Well everybody you'll have to forgive me. I normally write stories not accounts so this is a bit awkward for me but there doesn't seem to be another way to tell this story. I can't sit back tell this story like it happened so somebody else because it didn't. It happened to me and I can't sit back and tell this like it was some kind of story I made up about someone else. I guess I'll start off by telling you a bit about myself, since it always makes things a little easier to relate to.
My name is Clive Blankenship and like most men born after about nineteen eighty I've always been a bit confused about how I'm supposed to behave. I mean I enjoy going to the occasional play, Wicked was immense and if you haven't seen it yet you should go there, right now. Stop reading this and go watch Wicked. I've been known to occasionally go to a concerts that don't involve rappers or rockers. I could bore you to death with why I like girls wearing A-line skirts instead of circles. I'm the guy who walks into a party and wonders what the fuck was going through that girls head when she put on those shoes. They hardly match her bra and panties. Most nights I got to get her out of those shoes and the bra and panties too but I shouldn't have noticed them in the first place. At least not according to modern culture. Obviously that's caused me a few problems over the years, I can barely hold a conversation for a few minutes without either faking every other word out of my mouth or being constantly called a fag. Even girls make fun of me for being girly.

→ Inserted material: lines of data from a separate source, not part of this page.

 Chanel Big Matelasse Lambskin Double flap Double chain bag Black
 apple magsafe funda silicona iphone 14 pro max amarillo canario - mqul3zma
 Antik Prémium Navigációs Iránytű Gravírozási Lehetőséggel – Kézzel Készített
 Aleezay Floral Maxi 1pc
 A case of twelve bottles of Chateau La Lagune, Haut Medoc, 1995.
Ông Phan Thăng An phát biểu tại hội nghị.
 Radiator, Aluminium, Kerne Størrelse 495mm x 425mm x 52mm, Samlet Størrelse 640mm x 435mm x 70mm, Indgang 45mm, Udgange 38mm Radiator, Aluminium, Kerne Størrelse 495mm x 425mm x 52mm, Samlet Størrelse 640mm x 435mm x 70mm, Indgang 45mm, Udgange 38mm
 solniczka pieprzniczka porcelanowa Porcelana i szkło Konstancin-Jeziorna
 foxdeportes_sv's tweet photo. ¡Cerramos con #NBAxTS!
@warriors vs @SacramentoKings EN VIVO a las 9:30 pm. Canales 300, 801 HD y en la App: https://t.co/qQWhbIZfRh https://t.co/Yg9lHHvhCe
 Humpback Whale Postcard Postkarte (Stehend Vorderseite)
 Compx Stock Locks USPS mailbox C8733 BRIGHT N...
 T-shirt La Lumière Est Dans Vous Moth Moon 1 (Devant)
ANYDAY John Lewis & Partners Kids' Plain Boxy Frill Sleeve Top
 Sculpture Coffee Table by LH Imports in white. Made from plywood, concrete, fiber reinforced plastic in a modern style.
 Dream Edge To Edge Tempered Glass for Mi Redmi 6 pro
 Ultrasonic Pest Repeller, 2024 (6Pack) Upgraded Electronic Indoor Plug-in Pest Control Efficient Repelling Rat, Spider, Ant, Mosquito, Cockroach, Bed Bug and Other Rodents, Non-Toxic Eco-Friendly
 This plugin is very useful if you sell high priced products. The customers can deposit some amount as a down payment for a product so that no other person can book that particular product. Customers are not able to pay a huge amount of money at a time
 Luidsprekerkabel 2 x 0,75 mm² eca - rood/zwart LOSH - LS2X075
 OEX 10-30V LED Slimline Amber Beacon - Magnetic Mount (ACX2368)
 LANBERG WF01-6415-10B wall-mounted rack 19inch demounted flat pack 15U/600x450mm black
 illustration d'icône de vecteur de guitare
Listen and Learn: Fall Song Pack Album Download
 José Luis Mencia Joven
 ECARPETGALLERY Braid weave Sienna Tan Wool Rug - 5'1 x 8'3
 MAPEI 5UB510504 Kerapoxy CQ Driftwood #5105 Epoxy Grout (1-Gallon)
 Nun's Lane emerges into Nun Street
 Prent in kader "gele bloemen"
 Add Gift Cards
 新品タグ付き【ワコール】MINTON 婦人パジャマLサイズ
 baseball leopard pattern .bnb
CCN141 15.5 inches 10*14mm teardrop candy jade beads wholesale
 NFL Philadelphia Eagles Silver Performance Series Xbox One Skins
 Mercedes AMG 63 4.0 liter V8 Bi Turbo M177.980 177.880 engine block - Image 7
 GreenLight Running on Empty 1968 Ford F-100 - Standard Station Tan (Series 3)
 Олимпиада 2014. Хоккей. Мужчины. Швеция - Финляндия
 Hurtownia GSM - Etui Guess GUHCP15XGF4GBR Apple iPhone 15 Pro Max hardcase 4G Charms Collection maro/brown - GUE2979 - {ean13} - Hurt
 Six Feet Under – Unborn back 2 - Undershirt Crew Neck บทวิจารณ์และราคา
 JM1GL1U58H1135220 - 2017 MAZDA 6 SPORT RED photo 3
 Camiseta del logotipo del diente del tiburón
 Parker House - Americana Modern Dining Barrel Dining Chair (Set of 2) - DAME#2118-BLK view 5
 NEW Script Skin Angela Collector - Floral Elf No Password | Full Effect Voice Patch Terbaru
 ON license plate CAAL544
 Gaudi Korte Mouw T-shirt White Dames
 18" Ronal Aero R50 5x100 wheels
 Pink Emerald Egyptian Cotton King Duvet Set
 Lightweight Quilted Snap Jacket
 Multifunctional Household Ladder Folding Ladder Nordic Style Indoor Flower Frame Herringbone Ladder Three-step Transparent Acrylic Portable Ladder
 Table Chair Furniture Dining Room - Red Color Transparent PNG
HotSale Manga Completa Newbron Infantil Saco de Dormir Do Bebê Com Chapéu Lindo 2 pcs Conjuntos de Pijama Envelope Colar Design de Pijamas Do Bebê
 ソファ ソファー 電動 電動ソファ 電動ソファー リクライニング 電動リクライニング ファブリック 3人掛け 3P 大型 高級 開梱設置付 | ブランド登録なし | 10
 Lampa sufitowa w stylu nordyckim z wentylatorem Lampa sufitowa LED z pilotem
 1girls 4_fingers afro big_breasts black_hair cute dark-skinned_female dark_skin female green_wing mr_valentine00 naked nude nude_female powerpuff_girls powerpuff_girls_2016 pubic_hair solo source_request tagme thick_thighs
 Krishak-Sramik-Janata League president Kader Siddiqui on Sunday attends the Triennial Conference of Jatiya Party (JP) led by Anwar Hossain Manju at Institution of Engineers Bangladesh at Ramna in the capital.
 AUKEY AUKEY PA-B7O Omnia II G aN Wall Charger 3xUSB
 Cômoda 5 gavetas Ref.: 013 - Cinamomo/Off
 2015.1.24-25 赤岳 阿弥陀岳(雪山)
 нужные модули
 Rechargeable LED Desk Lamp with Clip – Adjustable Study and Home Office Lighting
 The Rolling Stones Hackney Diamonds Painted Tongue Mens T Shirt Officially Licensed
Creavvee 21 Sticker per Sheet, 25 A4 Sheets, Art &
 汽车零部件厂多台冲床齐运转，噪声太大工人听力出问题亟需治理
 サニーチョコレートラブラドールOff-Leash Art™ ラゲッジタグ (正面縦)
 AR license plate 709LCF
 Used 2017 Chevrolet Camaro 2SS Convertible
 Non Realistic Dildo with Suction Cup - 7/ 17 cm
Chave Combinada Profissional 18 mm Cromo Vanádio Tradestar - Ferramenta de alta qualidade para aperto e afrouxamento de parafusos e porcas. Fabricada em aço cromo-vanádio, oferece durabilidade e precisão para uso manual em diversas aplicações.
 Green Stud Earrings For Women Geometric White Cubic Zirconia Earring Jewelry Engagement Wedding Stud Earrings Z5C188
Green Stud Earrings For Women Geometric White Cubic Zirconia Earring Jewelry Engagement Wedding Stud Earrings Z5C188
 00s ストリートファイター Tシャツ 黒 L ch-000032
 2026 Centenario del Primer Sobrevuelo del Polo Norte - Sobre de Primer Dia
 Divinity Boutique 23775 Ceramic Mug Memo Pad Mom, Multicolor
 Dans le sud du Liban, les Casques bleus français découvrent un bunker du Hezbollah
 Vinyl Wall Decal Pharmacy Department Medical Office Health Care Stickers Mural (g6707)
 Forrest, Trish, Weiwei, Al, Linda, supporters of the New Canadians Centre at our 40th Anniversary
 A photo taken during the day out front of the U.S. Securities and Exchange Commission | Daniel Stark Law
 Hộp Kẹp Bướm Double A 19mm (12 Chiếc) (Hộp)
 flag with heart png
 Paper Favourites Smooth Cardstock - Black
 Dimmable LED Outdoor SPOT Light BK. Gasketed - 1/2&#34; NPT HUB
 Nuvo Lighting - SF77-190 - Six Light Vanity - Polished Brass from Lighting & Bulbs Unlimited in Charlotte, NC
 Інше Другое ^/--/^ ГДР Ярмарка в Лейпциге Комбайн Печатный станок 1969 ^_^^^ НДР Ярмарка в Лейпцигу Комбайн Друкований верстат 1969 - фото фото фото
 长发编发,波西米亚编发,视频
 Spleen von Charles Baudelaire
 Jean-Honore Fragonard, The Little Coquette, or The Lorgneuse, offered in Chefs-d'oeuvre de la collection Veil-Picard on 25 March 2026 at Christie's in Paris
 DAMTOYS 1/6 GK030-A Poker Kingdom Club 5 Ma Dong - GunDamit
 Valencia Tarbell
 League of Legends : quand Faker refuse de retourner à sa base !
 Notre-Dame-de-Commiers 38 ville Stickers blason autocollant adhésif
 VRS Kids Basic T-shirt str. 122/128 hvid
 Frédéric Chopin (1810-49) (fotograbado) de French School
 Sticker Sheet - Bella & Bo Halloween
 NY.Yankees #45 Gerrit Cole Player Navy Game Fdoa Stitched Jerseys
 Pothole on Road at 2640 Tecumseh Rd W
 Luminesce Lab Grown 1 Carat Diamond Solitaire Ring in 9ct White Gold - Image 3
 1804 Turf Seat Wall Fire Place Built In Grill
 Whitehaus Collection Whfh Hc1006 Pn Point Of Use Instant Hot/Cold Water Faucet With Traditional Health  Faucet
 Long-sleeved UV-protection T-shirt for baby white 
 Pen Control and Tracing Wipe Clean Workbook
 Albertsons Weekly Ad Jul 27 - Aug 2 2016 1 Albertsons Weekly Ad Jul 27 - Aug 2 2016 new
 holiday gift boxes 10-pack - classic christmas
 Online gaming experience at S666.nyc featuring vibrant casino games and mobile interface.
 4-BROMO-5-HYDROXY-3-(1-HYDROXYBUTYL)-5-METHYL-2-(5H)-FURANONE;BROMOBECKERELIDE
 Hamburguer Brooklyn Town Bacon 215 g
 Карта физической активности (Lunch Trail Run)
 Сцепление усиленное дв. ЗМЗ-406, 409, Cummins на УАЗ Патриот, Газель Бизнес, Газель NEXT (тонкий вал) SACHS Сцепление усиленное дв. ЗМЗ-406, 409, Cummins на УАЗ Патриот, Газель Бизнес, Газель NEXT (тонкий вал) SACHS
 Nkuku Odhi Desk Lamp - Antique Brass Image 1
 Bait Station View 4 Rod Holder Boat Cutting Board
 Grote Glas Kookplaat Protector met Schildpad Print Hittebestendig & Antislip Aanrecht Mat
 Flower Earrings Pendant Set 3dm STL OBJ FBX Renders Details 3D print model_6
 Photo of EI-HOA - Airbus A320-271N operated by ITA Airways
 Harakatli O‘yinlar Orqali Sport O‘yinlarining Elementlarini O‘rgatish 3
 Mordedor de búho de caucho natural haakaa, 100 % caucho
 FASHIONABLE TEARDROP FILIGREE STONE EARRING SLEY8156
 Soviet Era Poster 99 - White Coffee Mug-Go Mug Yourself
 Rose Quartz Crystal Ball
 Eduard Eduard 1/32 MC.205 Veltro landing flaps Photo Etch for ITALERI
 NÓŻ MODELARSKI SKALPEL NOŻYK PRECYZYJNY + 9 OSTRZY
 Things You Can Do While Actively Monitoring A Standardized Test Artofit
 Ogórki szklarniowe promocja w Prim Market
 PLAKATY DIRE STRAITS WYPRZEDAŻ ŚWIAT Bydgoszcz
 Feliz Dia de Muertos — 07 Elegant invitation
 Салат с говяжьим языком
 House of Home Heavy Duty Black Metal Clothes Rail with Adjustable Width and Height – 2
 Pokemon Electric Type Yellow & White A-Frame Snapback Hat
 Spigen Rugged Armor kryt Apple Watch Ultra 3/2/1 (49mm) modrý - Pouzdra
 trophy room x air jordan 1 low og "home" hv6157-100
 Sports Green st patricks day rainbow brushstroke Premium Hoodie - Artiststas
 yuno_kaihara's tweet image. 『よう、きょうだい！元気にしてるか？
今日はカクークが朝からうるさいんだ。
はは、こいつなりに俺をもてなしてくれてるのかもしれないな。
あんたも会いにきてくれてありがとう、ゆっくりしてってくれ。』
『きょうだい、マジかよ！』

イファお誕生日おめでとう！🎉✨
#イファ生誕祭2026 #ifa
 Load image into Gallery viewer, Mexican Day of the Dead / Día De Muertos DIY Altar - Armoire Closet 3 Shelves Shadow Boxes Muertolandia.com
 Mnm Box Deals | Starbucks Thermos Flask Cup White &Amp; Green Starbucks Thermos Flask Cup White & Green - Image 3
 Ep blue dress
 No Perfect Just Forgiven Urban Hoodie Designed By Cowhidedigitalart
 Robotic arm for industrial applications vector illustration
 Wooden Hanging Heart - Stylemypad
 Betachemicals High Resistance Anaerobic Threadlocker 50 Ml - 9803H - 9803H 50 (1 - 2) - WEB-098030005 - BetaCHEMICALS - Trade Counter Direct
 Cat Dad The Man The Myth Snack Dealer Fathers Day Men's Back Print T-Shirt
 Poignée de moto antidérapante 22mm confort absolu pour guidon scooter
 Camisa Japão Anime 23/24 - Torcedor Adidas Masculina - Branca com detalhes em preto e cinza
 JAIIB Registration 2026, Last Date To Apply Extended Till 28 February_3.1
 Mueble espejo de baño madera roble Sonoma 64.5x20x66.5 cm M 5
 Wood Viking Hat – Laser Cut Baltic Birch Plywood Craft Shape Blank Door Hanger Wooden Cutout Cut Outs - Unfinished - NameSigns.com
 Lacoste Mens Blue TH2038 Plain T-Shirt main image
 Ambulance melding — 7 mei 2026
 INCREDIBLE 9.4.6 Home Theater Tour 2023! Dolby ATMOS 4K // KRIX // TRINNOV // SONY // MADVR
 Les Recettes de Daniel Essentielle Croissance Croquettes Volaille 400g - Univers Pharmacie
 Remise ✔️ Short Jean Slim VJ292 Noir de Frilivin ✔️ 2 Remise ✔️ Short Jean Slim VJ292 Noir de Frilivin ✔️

Then there is the other part. There is the part where I find some men attractive, not every man, just some. It's not like women where most reasonably attractive women turn me on. I don't like skinny chicks, and by skinny I mean the ones that could cut their hair short and pass for a sixth grade boy. I don't like fat chicks either, and by fat I mean the girls that it's hard to tell where their tits and hips are because their entire body is one big undefinable blob. I'm not talking about a girl with a little meat on her bones or even sorta thick. I mean I don't like fat chicks. I'm much pickier about the guys that I like.
I'll give you a few examples though just so you can know the kind of guys that I find attractive. James Marsters has got to be just about the sexiest man that has ever walked the earth. He played Spike on Buffy and made Smallville watchable for all of a single season. Given a half a second I'd lick the sweat from his abs and any place else that alabaster Adonis would allow. Then there is Stuart Townsend, the guy who played Lestat in the nearly unwatchable Queen of the Damned movie. I swear to god they must not have read the book before they made the movie. They didn't even get Lestat's hair the right color. Between him and Alliyah though I managed to suffer through it. Yeah I have a thing for vamps. The last guy that really stands out to me Jensen Ackles, he was on the short lived Dark Angel and now he's on the show Supernatural. Shit he could probably even get a little rough and I wouldn't complain.
Normally I'm more than smart enough to just shut the fuck up about that kind of thing. People might say that they are okay with homosexuals, which I'm quite certain I'm not, I'm very attracted to women., or bisexuals but what they really mean is that they don't mind anything that doesn't effect them directly. They would be fine with you being gay, but not with you pointing out that Jensen Ackles has an incredible ass. They wouldn't try to stop you from marrying the man of your dreams but they wouldn't be your best man either. At least that's been my general experience with the situation.
The result is that I'm not even sure if I'm actually bi. I mean I know I've had, as my sister is fond of pointing out "man crushes" that have been obvious to anybody paying the least bit of attention to the situation. What I don't know, sorry what I didn't know is whether I would be able to actually go through with it if the opportunity ever presented itself. The problem was obviously two fold, first I had no way whatsoever to know which guys were going to be interested at a party and even if I had I'm kinda picky. I mean if I settled for some average guy, which to me might as well be a fat chick, the only thing I would prove is that I have standards and it turns out I already knew that so I didn't need to confirm that.
So this is how it actually happened to me. Obviously all the names have been changed slightly to protect the innocent. The situation and looks are all similar enough that if you are one of my friends you'll be able to piece together who everybody is. Anyway I think it's time I described myself physically. I'm a little above average height at six foot even and I'm in pretty good shape, just a hair over two hundred pounds and most of it muscle but not nearly as defined as I would like to be. I'm African American and usually I keep my hair cut in a short fade, no side burns. I always keep my goatee and I go back and forth on whether or not I have a mustache. It really has more to do with if I'm feeling lazy or not than preference. I personally think that I look better with the mustache but it doesn't bother me to have it. Fashion wise I tend to stick to monochromatic outfits. Black is usually the choice. Considering I can tell you about the pleats in a skirt and I can't coordinate colors to save my life. So I just don't try. You could pretty much stumble into my closet blind folded and come out matching.